Audio file formats are formats for storing audio data on a computer system. Generally they are container formats or audio data formats with a defined storage layer, but can be a raw bit stream too. The storage of digital audio involves sampling the audio voltage, which would correspond to a certain level of signal in a channel with a particular resolution in regular intervals, on playback. The data can then be stored uncompressed or compressed. Compression reduces the file size.
Super Audio CD is a read-only optical audio disc format with high-resolution. It was developed by Sony and Philips Electronics and designed to provide high-resolution audio in both stereo and surround sound modes.
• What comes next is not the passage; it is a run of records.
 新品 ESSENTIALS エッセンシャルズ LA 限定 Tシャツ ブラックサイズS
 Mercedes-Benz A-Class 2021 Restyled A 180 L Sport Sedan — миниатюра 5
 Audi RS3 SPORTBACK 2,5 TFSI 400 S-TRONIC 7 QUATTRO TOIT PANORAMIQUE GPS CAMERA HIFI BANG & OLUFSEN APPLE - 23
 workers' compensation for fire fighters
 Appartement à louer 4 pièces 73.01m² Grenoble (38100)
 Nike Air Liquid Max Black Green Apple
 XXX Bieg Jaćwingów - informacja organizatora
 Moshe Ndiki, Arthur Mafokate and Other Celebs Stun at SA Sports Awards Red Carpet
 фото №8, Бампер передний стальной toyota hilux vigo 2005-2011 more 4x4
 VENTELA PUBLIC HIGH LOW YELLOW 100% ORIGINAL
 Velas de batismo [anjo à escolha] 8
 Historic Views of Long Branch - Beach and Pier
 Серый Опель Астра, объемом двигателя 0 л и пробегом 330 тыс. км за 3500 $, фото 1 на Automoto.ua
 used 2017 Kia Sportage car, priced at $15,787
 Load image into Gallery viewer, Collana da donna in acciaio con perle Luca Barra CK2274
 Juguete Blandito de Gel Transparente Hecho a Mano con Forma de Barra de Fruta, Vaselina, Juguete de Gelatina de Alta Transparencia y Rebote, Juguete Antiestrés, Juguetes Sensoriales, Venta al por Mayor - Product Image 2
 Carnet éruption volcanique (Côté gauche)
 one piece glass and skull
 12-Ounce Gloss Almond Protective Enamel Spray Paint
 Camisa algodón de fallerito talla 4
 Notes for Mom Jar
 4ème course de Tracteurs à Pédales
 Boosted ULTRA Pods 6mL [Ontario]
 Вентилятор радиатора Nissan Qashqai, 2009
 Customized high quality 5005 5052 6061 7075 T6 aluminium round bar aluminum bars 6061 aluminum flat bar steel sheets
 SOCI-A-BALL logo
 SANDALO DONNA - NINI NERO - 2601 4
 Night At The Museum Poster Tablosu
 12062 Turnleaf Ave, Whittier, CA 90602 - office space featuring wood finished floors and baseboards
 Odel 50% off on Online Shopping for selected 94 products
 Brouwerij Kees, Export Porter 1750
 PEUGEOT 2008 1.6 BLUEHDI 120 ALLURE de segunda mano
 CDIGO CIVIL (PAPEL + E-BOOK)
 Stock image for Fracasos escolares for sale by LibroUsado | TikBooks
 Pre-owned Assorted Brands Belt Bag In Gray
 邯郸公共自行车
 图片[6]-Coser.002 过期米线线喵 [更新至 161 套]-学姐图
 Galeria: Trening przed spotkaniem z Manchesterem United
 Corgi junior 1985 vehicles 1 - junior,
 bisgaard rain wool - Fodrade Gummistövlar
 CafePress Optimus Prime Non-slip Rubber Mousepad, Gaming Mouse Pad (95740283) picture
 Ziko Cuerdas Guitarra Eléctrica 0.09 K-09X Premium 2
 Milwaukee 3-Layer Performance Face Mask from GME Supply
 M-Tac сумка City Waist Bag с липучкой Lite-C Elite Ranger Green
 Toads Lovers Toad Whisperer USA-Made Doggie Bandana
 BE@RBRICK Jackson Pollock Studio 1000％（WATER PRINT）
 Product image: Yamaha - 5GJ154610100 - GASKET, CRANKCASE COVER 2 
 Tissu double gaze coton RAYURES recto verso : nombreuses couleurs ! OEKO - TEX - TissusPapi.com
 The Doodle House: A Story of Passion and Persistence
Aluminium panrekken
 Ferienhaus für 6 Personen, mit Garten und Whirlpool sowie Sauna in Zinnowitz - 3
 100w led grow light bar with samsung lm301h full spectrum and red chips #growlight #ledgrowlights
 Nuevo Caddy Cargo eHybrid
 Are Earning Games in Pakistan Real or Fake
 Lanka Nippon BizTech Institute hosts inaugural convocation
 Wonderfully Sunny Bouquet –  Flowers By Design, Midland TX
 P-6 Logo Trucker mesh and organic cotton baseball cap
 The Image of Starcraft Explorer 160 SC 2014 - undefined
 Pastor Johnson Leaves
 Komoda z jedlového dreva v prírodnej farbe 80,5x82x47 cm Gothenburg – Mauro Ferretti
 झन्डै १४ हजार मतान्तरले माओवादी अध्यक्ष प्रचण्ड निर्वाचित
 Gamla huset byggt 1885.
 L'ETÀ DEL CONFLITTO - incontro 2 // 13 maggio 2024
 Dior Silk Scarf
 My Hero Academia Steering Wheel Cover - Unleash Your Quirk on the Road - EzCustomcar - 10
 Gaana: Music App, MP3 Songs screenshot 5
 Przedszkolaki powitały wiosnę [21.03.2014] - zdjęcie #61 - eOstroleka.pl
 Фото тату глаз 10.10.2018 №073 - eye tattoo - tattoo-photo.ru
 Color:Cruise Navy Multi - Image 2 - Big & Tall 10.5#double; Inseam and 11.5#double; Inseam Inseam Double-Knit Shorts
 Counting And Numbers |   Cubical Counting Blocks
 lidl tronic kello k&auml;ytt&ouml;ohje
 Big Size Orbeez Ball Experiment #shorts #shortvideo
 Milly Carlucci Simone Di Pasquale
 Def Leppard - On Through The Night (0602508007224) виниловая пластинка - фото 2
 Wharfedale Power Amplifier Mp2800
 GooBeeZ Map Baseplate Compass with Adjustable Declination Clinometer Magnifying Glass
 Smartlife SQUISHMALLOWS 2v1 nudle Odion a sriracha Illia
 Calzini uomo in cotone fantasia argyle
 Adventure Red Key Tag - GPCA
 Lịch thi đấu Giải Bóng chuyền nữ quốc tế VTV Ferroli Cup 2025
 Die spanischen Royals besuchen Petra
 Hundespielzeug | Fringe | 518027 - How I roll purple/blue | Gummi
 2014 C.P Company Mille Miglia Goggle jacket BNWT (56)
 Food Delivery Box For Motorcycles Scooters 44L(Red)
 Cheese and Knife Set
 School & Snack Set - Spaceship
In addition to the optional CD-compatible layer using PCM, SACDs also use as audio format called DSD. It is mainly used in the audiophile community.
Proprietary formats are file formats with an opaque presentation of data and unlike open formats; their specifications are not publicly available. They are generally controlled by a private person or organization and can be protected with patents or copyrights. The copyrights provide the exclusive control over the technology to the license holder. These formats are developed by software companies to encode data produced by their applications since they prevent Reverse engineering.
HD DVD is a redundant high-density optical disc format that was designed for storing data and high-definition video. It was proposed to be the successor to the standard DVD format. However, after the abandonment by Toshiba, the HD DVD Promotion Group was dissolved in 2008.
Also known as High-Definition/Density DVD, it employs a blue laser with a shorter wavelength. This enables it to store about three and a half times as much data per layer as the standard DVD format.